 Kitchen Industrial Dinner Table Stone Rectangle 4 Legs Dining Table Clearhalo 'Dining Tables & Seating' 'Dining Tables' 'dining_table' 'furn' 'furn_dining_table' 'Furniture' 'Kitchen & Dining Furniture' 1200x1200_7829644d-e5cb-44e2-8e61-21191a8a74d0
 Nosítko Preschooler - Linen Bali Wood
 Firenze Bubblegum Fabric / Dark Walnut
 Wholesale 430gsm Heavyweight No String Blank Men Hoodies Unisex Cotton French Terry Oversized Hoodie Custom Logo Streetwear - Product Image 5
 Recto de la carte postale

--

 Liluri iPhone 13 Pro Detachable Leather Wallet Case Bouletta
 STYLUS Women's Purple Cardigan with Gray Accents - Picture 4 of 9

--

* [Work task] Look above for the line holding "Kitchen Industrial Dinner". Print it and every line after it, exactly, through the line holding "Recto de la carte postale".

* [Solution for this problem]
 Kitchen Industrial Dinner Table Stone Rectangle 4 Legs Dining Table Clearhalo 'Dining Tables & Seating' 'Dining Tables' 'dining_table' 'furn' 'furn_dining_table' 'Furniture' 'Kitchen & Dining Furniture' 1200x1200_7829644d-e5cb-44e2-8e61-21191a8a74d0
 Nosítko Preschooler - Linen Bali Wood
 Firenze Bubblegum Fabric / Dark Walnut
 Wholesale 430gsm Heavyweight No String Blank Men Hoodies Unisex Cotton French Terry Oversized Hoodie Custom Logo Streetwear - Product Image 5
 Recto de la carte postale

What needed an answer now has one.